Freundliche Überraschung nach langer Entbehrung
Für £ 45.000 konnten die Nonnen erhalten, was einmal 250.000 gekostet hatte. Dazu mußten sie öffentliche Anleihen aufnehmen. Aber dafür bot Kylemore Raum für Abtei, Schule und die Zimmer des internationalen Internats. Mithilfe der Gärten konnten und können sie ihre Küche in hohem Maße selbst versorgen. Alle Rechte der Abtei aus Ypern wurden ihr vom Heiligen Stuhl an diesen Ort übertragen.

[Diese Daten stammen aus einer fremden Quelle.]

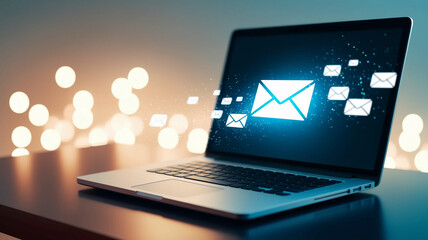 Laptop displaying email icons, symbolizing digital communication, online messaging, and connectivity, suitable for technology or business concepts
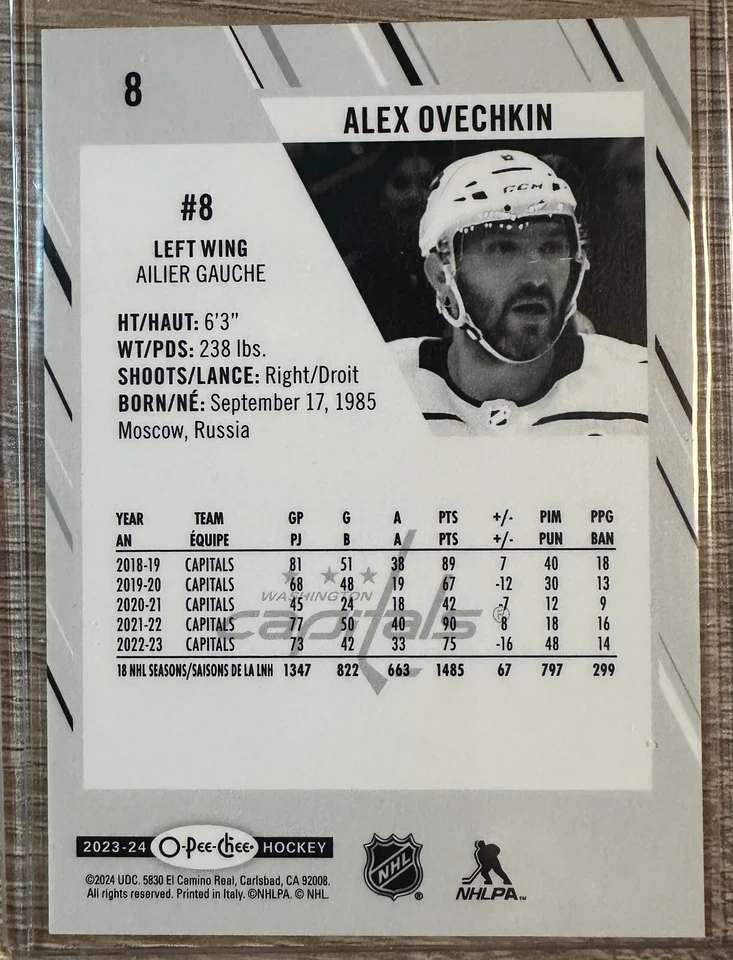 2023-24 OPC O-PEE-CHEE HOCKEY ALEX OVECHKIN PORTRAIT PHOTO VARIATION SSP #8 - Image 2 of 2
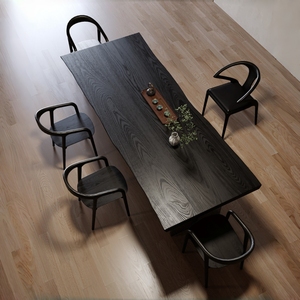 Grand ensemble de chaises de table à manger en bois massif design simple avec grande <span class=keywords><strong>planche</strong></span> simple et table à thé en acrylique pour le salon - Product Image 1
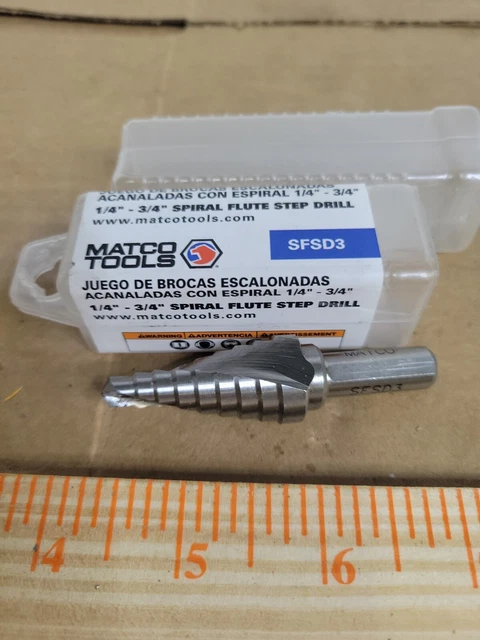 Matco Tools SFSD3 Spiral Flute Step Drill Bit 1/4"-3/4" 2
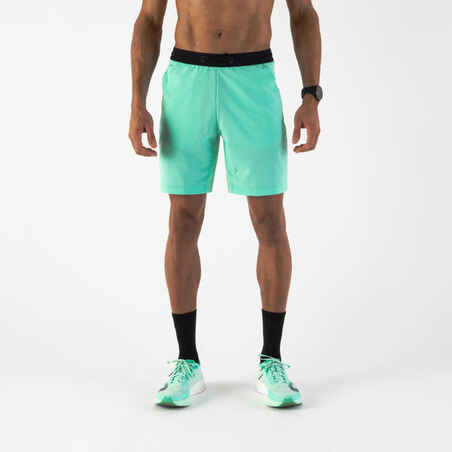 Men's Breathable Running Shorts-KIPRUN Run 500 Dry-Mint green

Ein schlimmer Brand verwüstete 1959 zwei Drittel der Innenausstattung von Abtei und Schule. Die Schule und das Gästehaus, dass als ein Mittel der Refinanzierung geführt worden war, mußten einstweilen geschlossen werden. Beim Wiederaufbau genehmigten sich die Nonnen aber ein paar Änderungen, die das ehemalige Landschloß den Bedürfnissen von Abtei und Schule besser anpaßten.
Qualifiziertes Touristenziel
Besucher des westlichsten Zipfel der Insel Irland finden in Kylemore ein paar herrliche Räume vor, die stets besichtigt werden können. Kapelle und Mausoleum stehen ebenfalls ganzjährig offen. Naturfreunde können den ummauerten viktorianischen Garten studieren, dessen Blumen- ebenso wie Küchenkräuterbeete faszinieren, oder den Spazierwegen am See entlang oder durch den Wald am steilen Berghang folgen. Der gutsortierte Laden mitTöpferarbeiten aus Kylemore und das Café runden einen Besuch ab. Kylemore ist Irlands einzige Benediktinerinnenabtei.